Just days before Neil Gorsuch will plunge into the U.S. Supreme Court’s menu of regulatory challenges, a Washington federal appeals judge on Tuesday turned to the newest justice to bolster her own concerns about the deference that courts give to agencies’ interpretation of their rules.

The U.S. Court of Appeals for the D.C. Circuit, in the case Waterkeeper Alliance v. Environmental Protection Agency, took up a challenge to an environmental rule about certain reporting requirements associated with the air pollutants from animal waste. (Spoiler alert: the agency lost. The court vacated the rule.)

The resolution of the case gave the panel judges another chance—a regular trip in the D.C. Circuit—to turn to the bedrock 1984 decision in Chevron U.S.A. v. Natural Resources Defense Council. That ruling said judges must defer to an agency’s interpretation of any ambiguity in the law. This seminal case has received substantial newfound attention—Gorsuch is famously opposed to the Chevron ruling, which he has called a “judge-made doctrine for the abdication of the judicial duty.”

Chevron analysis requires a two-step process. The first step asks whether Congress has spoken directly to the precise question at issue. The second step asks whether the agency’s interpretation is rational or reasonable and should be upheld.

Judge Janice Rogers Brown on Tuesday wrote about the dangers of any court that reduces the two-step analysis to a single step. She pointed to Gorsuch’s 2016 decision, on the 10th Circuit, in Gutierrez-Brizuela v. Lynch.

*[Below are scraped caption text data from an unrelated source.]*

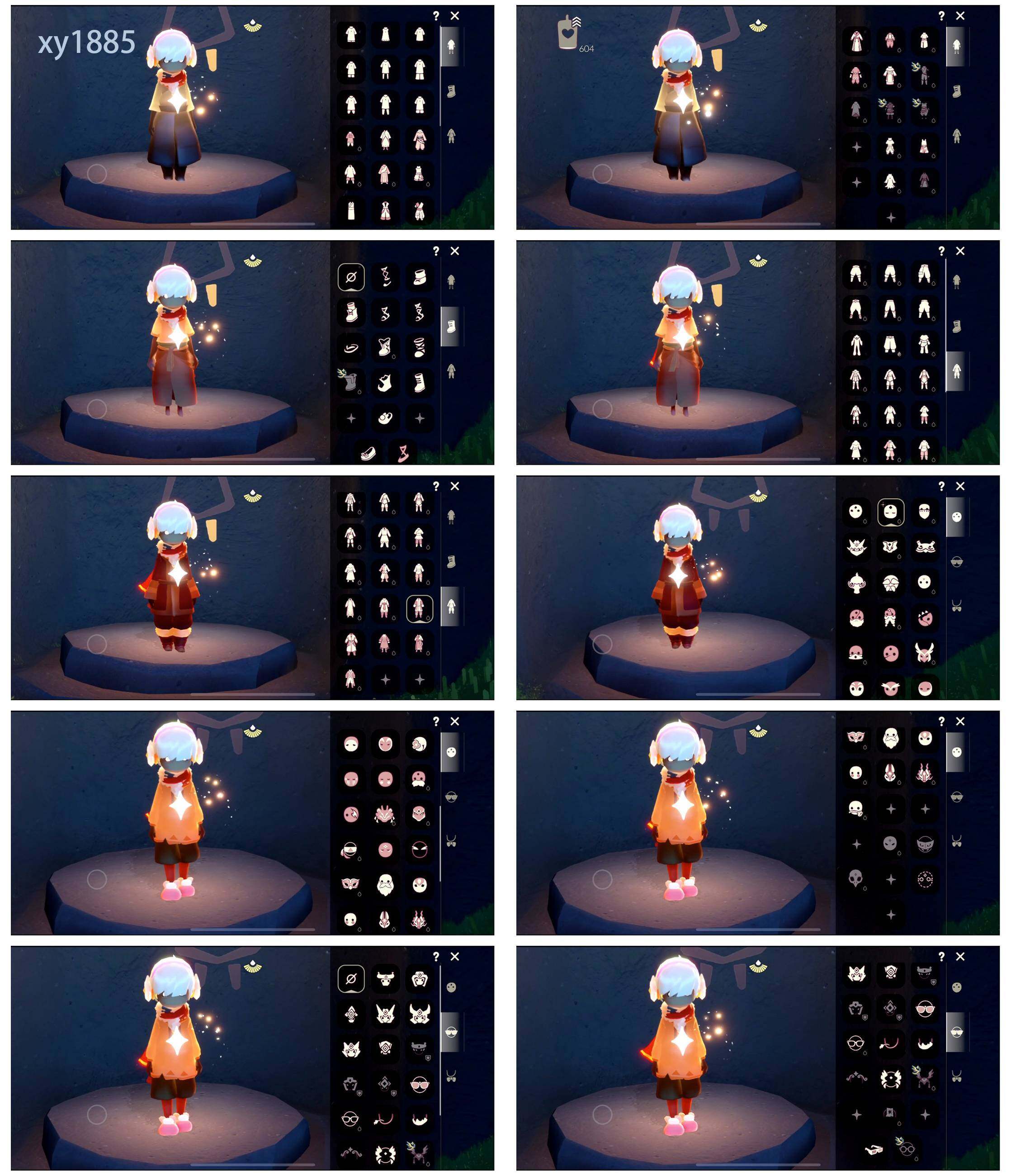 GYYHY327815光遇账号详情图2 GYYHY327815光遇账号详情图2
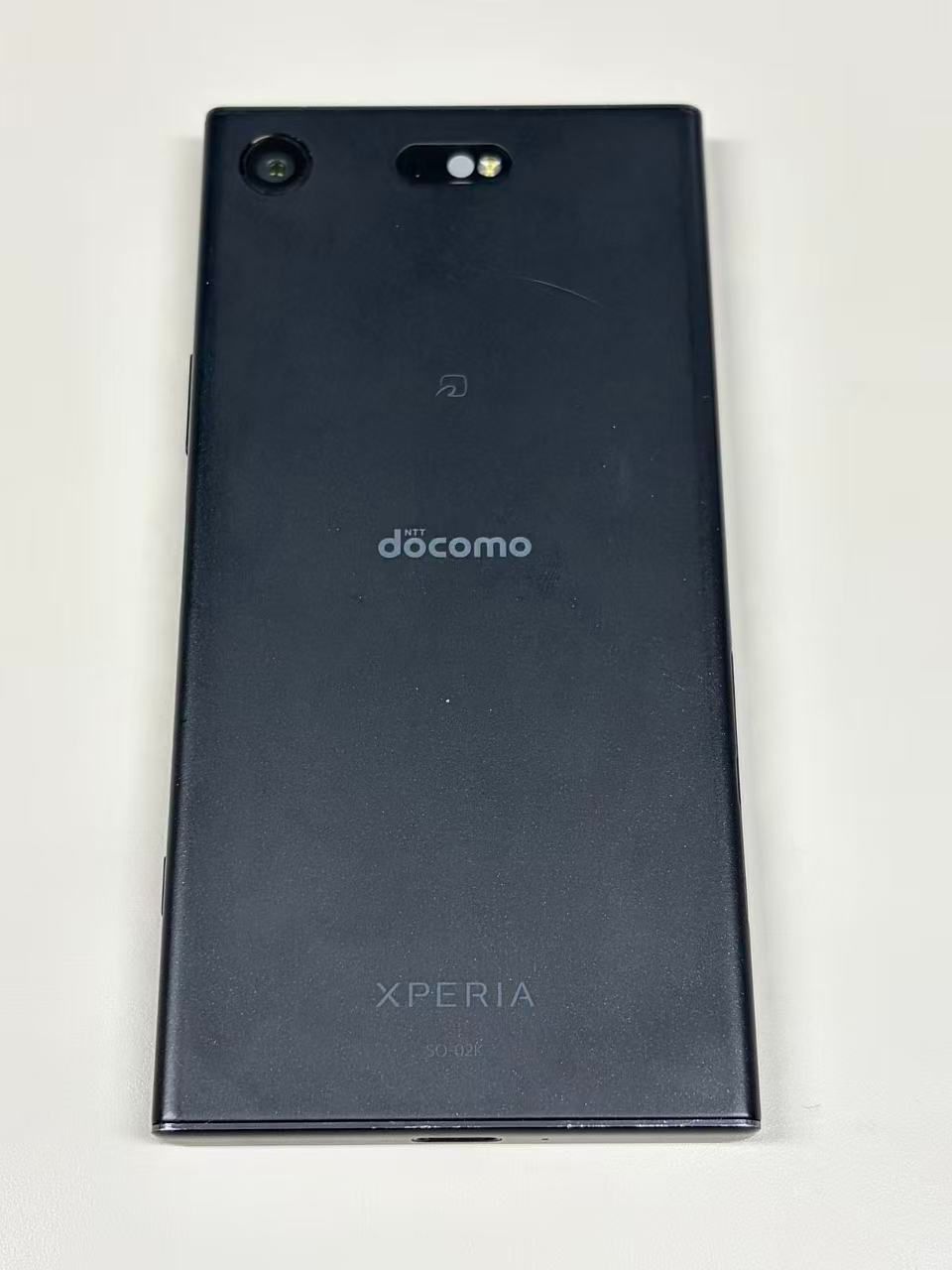 SIMロック解除済 docomo Xperia XZ1 Compact SO-02K ブラック - メルカリ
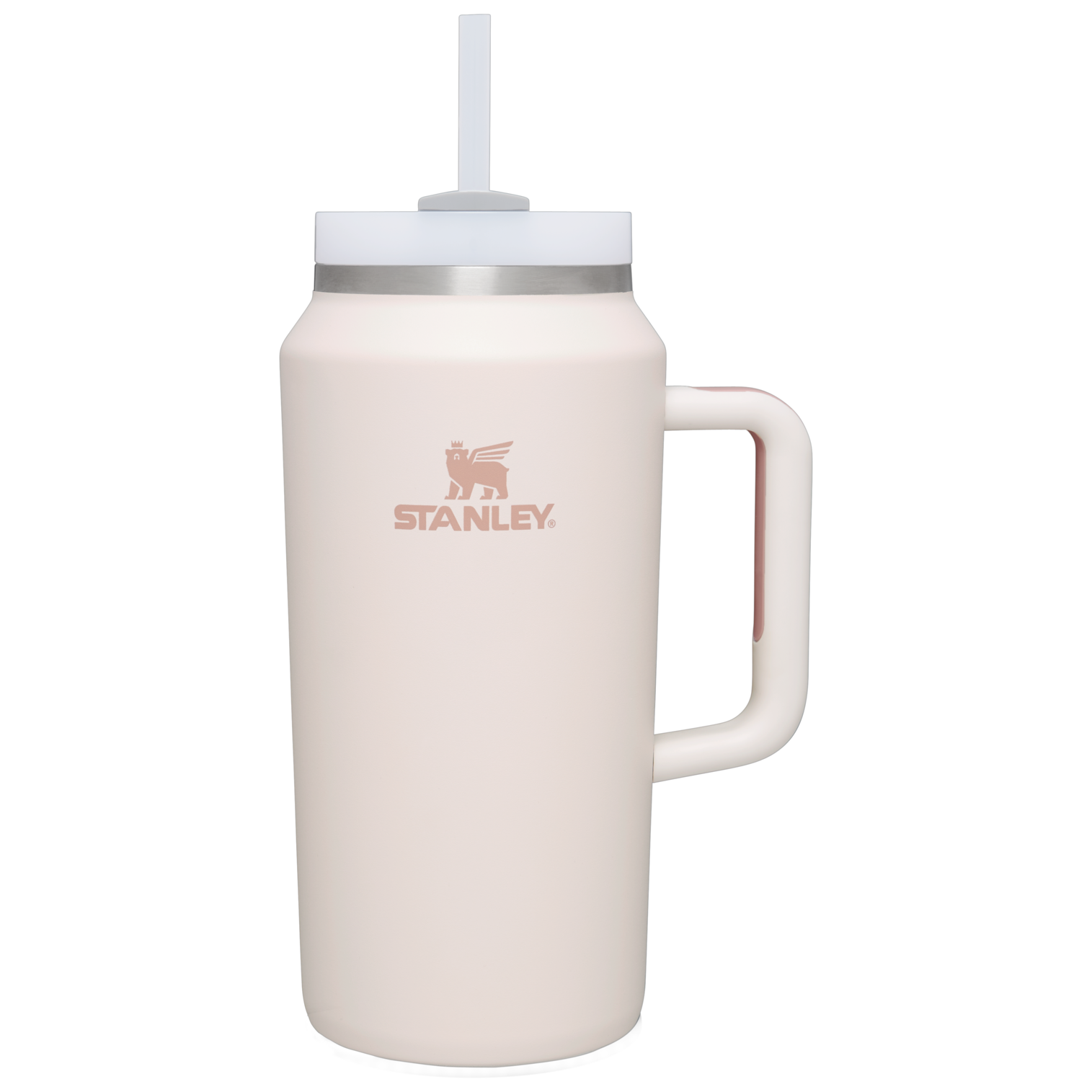 The Quencher H2.0 FlowState Tumbler  | 64 OZ Rose Quartz Rose Quartz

Skipping step one by going directly to step two leaves Congress “out of the picture altogether,” Brown wrote. Agencies, she said, “are free to experiment with various interpretations, and courts are free to avoid determining the meaning of statutes.”

Brown added: “An Article III renaissance is emerging against the judicial abdication performed in Chevron‘s name.”

And she implied—through a citation—that Gorsuch may be part of that movement.

Brown quoted from Gorsuch’s decision in Gutierrez-Brizuela: “For whatever the agency may be doing under Chevron, the problem remains that courts are not fulfilling their duty to interpret the law.”

Gorsuch warned then that Chevron deference allowed agencies “to swallow huge amounts of core judicial and legislative power and concentrate federal power in a way that seems more than a little difficult to square with the Constitution of the framers’ design. Maybe the time has come to face the behemoth.”

Tuesday’s appearance of Gorsuch’s ruling in a D.C. Circuit decision could be the first in that court. (The Gorsuch case was decided in August 2016—it’s not terribly old.)

Brown is not alone on the federal appellate bench in using Gorsuch’s opinion to sound an alarm about Chevron.

Judge Kent Jordan of the Third Circuit, in a March opinion concurring in the judgment in Egan v. Delaware River Port Authority, cited Gorsuch’s decision as he called for a re-examination of Chevron.

Gorsuch’s opinion in Gutierrez-Brizuela did appear in an amicus brief filed by the National Association of Criminal Defense Lawyers in the Supreme Court case Esquivel-Quintana v. Lynch. The justices heard argument on Feb. 27.

Gorsuch, by tradition, would not vote in that case.